C’est là qu’une partie des microplastiques est générée : ce sont les microplastiques primaires, dont les sources principales sont le lavement des vêtements en fibres synthétiques à la machine, l’abrasion des pneus des voitures sur la chaussée, les poussières urbaines. Certains produits cosmétiques contiennent également des microplastiques.
Malheureusement, les microplastiques se retrouvant dans les eaux usées ne sont pas traités dans les stations d’épuration à l’heure actuelle, et se retrouvent dans les eaux en sortie, ou bien dans les boues épandues sur les sols agricoles.
Les macro-déchets et les microplastiques primaires rejoignent alors les cours d’eau, les fleuves, et terminent leur course dans les mers et océans.
La pollution plastique n'est pas seulement d'origine terrestre.
Parmi les sources de pollution plastique marine, on trouve l’aquaculture, la pêche, le trafic maritime et le tourisme.
Le devenir des plastiques dans l'océan
Le plastique ne se dégrade jamais complètement. Une fois en mer, sous l’action mécanique des courants, des marées et des vents, l’action du soleil (photolyse) et de bactéries présentes à leur surface, les macrodéchets plastiques vont se fragmenter en particules plus petites, de taille inférieure à 5 mm : les microplastiques. On parle alors de microplastiques secondaires. On trouve également des particules encore plus petites, de taille inférieure à 1 micromètre, les nanoplastiques.
Les plastiques s’accumulent sur les plages, dans les sédiments le long des côtes, ou continuent de flotter à la surface des océans. On estime en effet que sur les 400 millions de tonnes de plastique produites environ chaque année, près des ⅔ des polymères synthétiques créés ont une densité inférieure à celle de l'eau de mer.
On observe des zones d’accumulation privilégiées des microplastiques au niveau des 5 gyres océaniques, ou sur certaines îles au milieu de l’océan Pacifique. Les plastiques sont également transportés via les courants de circulation thermohalins, pour certains jusqu’en Antarctique.

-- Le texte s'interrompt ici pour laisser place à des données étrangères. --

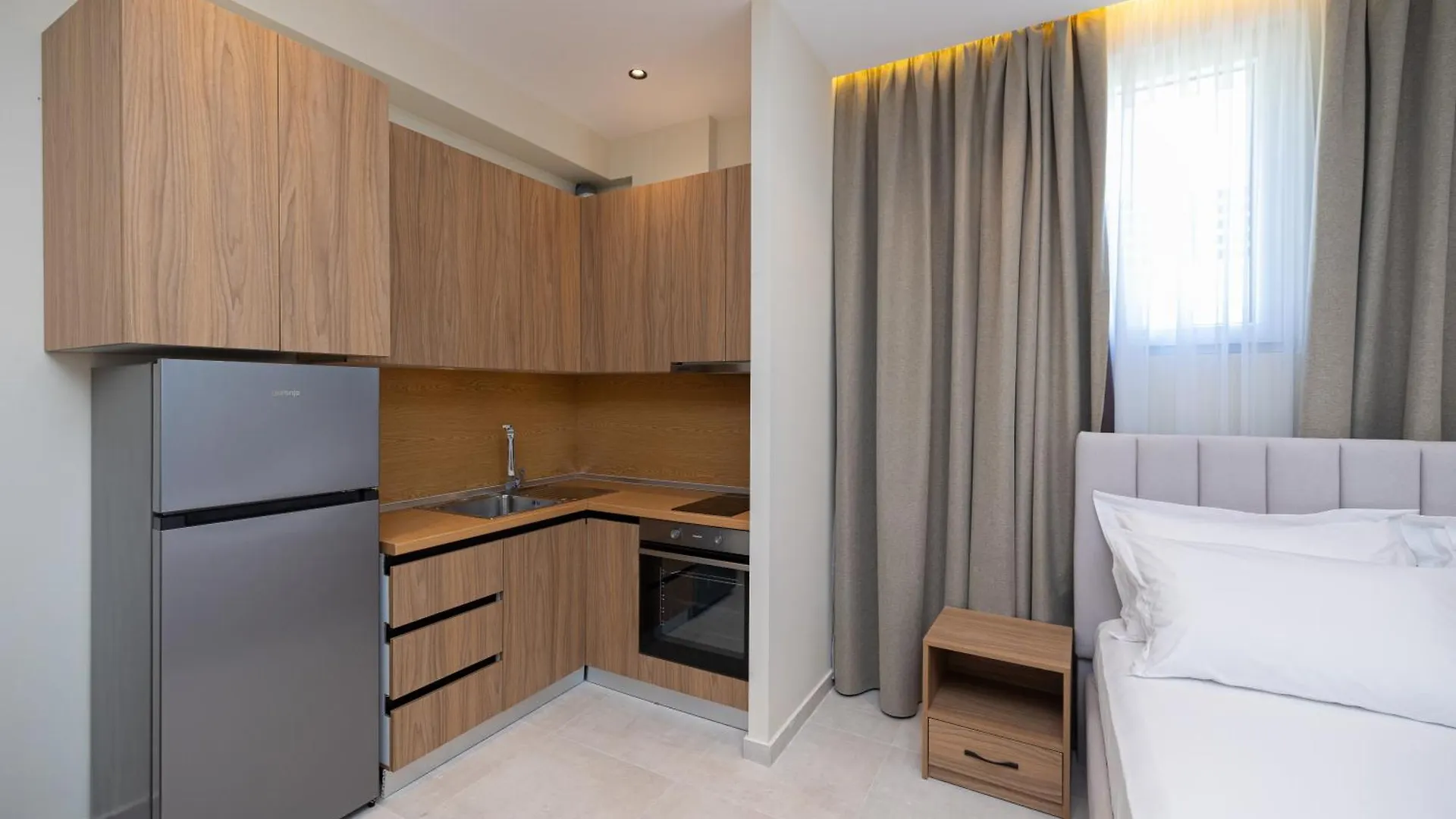 Hotel Aluor Vlorë アパートホテル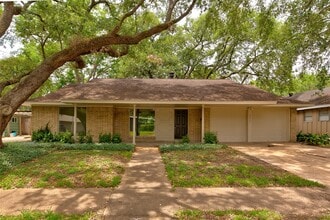Building Photo - 8826 Robindell Dr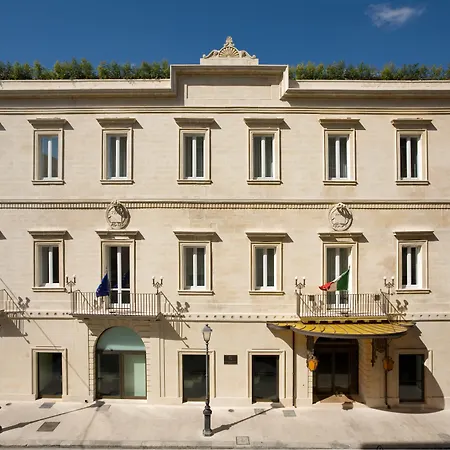 Tivoli Palazzo 1880 Lecce Hotel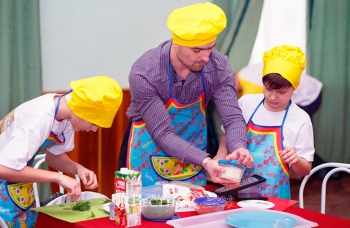 Приготовим маме обед&hellip; В роли повара &ndash; Олег Хачатуров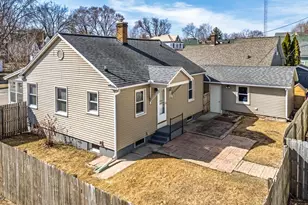 201 W Burns St, Portage, WI 53901 - Photo 29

Avec un stock de plastique actuellement estimé à 1,2 millions de tonnes, la mer Méditerranée est également une zone d’accumulation importante de plastiques du fait de son caractère fermé et de son important bassin versant.
Une part non négligeable de plastique finit sa course au fond des océans, dans les sédiments marins profonds ou encore dans les fosses océaniques. Enfin, l’un des plus grand réservoir de plastiques estimé est celui de la biosphère marine, qui consomme les microplastiques.
Plastiques et océan, quel est le problème ?
La pollution plastique, et notamment microplastique, constitue un problème majeur pour le milieu marin et sa biodiversité.
Les macro-plastiques affectent surtout la macro-faune. Ils sont responsables de phénomènes d'obstruction des voies respiratoires et digestives mais également d'étranglements, de piégeages et de blessures pouvant conduire à la mort des animaux. Le phénomène de pêche fantôme, causé par des filets ou casiers abandonnés est également une cause de mortalité des poissons.
Mais la menace majeure provient des microplastiques, puisqu’ils sont facilement ingérés par les organismes et peuvent pénétrer les tissus. Des interactions physiques dues à la présence des particules dans le tractus digestif de l'animal peuvent engendrer des blessures internes et perturber la nutrition et la respiration. Il est également aujourd’hui démontré que les microplastiques peuvent transporter des polluants chimiques (soit parce qu'ils entraient dans la composition du plastique à l’origine, soit parce qu’ils s’y sont fixés une fois dans l’eau) ainsi que des microorganismes qui peuvent être pathogènes (et que l’on nomme la “plastisphère”). Une fois dans les organismes, certains polluants chimiques peuvent en perturber le fonctionnement (perturbateurs endocriniens, effets neurotoxiques, effets sur la reproduction, sur le développement etc.)
Les microplastiques ne sont pas éliminés complètement par les organismes marins, mais vont pour une partie s’accumuler dans les tissus de l’animal tout au long de sa vie (rein, foie par exemple). Lorsqu’un prédateur se nourrit de poisson, il va également avaler les microplastiques et polluants que ce dernier aura accumulés. C’est ainsi qu'en haut de la chaîne alimentaire, parmi les grands prédateurs, l'accumulation de microplastiques et de polluants chimiques est la plus forte. Ce phénomène se nomme la bioaccumulation.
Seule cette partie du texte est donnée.